Activity: Go through the lines below and copy any that hold the string "Lovely".
"""
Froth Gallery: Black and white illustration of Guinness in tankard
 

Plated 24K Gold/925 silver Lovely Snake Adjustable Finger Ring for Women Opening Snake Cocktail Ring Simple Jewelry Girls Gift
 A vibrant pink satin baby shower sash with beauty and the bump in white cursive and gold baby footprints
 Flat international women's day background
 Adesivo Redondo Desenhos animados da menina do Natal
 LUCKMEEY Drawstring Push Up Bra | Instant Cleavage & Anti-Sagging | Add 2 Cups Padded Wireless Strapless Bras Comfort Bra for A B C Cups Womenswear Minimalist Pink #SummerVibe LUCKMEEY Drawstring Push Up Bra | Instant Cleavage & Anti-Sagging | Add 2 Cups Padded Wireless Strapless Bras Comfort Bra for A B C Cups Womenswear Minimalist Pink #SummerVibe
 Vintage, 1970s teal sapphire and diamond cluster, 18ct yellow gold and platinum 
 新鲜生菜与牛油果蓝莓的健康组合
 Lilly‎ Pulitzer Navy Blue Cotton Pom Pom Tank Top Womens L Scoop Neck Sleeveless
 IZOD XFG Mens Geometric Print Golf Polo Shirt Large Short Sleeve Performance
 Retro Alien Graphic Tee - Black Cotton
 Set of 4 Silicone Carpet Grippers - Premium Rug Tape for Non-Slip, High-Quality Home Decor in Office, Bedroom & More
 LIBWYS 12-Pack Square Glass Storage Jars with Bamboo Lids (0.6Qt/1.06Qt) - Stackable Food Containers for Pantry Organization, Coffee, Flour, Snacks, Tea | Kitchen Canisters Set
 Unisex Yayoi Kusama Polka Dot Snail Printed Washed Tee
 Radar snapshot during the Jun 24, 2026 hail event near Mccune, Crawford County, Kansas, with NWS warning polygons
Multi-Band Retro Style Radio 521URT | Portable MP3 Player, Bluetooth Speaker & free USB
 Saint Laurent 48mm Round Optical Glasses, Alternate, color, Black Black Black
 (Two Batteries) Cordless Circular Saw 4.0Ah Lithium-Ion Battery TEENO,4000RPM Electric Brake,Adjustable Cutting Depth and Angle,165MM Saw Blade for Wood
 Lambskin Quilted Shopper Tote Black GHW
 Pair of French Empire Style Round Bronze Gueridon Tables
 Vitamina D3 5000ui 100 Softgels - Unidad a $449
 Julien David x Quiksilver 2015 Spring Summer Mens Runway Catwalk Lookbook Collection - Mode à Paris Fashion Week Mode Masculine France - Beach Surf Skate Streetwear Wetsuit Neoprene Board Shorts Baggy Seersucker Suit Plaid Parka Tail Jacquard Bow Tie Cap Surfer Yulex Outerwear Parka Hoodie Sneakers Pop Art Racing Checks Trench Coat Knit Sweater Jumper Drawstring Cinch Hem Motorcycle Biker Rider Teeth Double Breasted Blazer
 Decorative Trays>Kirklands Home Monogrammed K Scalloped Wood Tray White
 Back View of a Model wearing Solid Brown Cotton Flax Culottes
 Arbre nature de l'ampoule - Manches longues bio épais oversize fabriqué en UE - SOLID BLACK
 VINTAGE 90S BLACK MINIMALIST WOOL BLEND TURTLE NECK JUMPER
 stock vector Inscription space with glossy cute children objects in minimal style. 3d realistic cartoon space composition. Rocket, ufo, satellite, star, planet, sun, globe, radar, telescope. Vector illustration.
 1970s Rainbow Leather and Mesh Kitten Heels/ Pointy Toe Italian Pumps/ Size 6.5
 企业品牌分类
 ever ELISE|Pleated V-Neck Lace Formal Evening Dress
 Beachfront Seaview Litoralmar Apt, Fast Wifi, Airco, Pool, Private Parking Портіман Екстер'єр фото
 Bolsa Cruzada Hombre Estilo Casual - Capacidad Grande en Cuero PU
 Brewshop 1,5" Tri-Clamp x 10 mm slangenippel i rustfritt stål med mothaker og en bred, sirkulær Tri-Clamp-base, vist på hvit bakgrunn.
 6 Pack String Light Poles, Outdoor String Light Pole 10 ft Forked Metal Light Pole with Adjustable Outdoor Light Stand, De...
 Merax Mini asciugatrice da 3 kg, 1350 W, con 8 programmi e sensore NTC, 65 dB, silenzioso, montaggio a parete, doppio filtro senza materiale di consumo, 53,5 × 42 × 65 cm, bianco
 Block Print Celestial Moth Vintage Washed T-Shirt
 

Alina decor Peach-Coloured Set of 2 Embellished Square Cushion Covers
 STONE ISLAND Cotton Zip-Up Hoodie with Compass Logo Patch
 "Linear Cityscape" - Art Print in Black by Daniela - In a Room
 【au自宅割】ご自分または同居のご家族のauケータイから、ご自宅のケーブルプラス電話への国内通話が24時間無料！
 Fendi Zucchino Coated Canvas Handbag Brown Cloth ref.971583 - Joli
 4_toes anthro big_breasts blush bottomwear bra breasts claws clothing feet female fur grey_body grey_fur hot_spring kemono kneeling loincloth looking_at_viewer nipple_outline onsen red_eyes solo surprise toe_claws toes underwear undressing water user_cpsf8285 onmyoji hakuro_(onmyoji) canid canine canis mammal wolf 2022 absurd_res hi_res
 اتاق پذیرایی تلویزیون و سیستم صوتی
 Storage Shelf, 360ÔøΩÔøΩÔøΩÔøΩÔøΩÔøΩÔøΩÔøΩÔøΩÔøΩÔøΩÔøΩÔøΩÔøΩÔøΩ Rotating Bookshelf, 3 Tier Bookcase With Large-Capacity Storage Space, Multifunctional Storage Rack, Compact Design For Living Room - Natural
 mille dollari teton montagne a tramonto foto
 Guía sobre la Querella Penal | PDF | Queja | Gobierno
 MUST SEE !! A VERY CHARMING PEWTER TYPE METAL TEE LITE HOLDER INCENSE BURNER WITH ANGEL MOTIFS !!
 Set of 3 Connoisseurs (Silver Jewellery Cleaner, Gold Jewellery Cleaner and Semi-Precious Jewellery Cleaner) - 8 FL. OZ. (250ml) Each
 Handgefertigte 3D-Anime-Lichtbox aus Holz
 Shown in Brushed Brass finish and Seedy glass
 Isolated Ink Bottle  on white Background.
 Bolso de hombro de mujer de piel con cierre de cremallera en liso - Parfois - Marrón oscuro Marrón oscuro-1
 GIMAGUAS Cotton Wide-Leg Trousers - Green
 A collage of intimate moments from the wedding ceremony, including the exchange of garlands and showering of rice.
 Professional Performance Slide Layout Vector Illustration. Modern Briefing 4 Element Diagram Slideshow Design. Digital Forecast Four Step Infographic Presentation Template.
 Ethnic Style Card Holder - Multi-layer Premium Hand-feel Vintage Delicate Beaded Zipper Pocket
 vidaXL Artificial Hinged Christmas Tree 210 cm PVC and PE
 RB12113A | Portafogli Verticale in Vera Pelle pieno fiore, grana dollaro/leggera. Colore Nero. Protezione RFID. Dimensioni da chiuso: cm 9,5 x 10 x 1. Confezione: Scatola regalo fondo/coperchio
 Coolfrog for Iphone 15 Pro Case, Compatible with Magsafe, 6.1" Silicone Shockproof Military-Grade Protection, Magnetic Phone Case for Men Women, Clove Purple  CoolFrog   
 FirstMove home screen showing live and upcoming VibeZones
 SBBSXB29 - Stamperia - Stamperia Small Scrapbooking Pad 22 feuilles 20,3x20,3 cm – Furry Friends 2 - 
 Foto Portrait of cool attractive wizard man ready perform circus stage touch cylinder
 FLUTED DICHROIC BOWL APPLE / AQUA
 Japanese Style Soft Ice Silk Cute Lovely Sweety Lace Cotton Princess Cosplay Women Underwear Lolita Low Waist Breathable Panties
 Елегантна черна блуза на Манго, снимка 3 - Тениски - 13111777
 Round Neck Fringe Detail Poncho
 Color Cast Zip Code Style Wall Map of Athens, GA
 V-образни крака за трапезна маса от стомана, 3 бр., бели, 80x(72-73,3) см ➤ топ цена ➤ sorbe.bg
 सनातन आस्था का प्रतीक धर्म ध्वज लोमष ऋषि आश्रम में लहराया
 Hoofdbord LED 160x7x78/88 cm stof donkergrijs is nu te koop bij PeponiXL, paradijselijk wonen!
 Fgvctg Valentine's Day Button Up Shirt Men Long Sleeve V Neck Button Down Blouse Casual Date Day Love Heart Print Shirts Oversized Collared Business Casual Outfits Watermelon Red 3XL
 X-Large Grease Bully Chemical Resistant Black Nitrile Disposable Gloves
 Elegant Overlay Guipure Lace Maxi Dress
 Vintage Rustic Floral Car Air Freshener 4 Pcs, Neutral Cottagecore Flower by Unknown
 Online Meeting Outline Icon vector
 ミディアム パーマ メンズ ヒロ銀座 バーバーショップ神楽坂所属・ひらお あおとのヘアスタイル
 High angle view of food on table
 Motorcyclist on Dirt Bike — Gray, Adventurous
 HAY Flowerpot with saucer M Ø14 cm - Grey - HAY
"""
Completed exercise:
Plated 24K Gold/925 silver Lovely Snake Adjustable Finger Ring for Women Opening Snake Cocktail Ring Simple Jewelry Girls Gift
 Japanese Style Soft Ice Silk Cute Lovely Sweety Lace Cotton Princess Cosplay Women Underwear Lolita Low Waist Breathable Panties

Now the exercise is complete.